Fragmentation due to Desiccation and Shallow Failures in Clay Slopes

Abstract

High temperatures can be very damaging to clays forming part of natural slopes. High temperatures cause cracking of the clays. The cracking is the result of evaporation and shrinkage. The present study deals with the formation and evolution of cracks in clays as result of high temperatures. At the beginning of the desiccation process of a clay, few cracks form. As time passes, these original cracks interconnect producing the complete fragmentation of the clay. At the end of the fragmentation process, the clay is formed of clay fragments of different sizes. This study uses the fractal dimension concept from fractal theory to measure the particle size distribution of the fragments. The fractal analysis was conducted on bentonite clay samples desiccated in the laboratory and on the giant desiccation polygons found in clays forming part of the Great Basin Playas in the United States. These giant desiccation polygons have three very distinctive shapes: regular random, irregular random, and orthogonal polygon.
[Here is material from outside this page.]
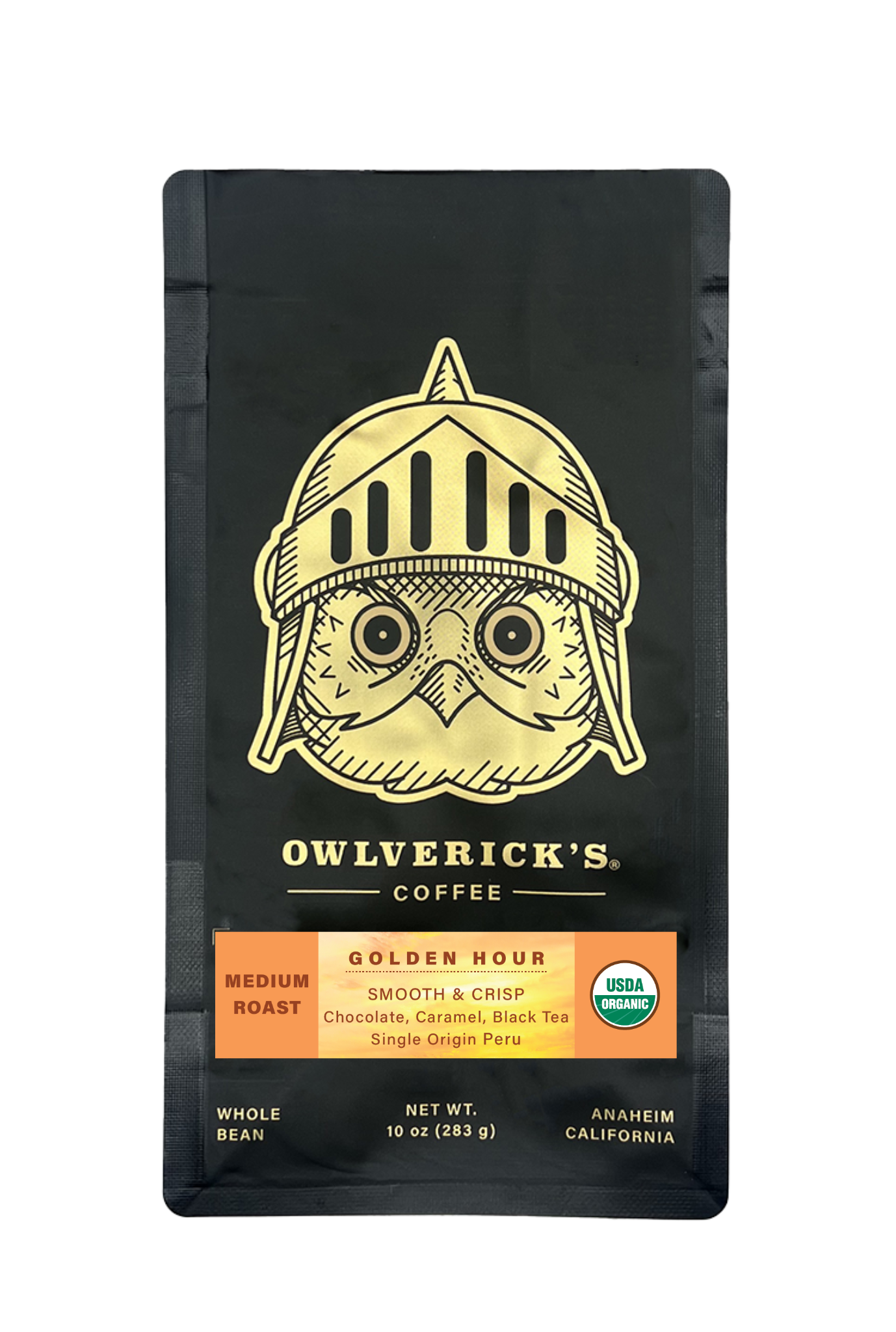 Golden Hour Coffee Bag (Front) with Large Owl Design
The level of fragmentation of the clays was measured by the fragmentation fractal dimension. The fragmentation fractal dimension was found to be equal to 2.21 for the regular random polygons, 1.96 for the irregular random polygons, and 3.89 for the orthogonal desiccation polygons. The effect of the level of fragmentation on the stability of shallow failures that the desiccated clay areas could develop is also analyzed in this study.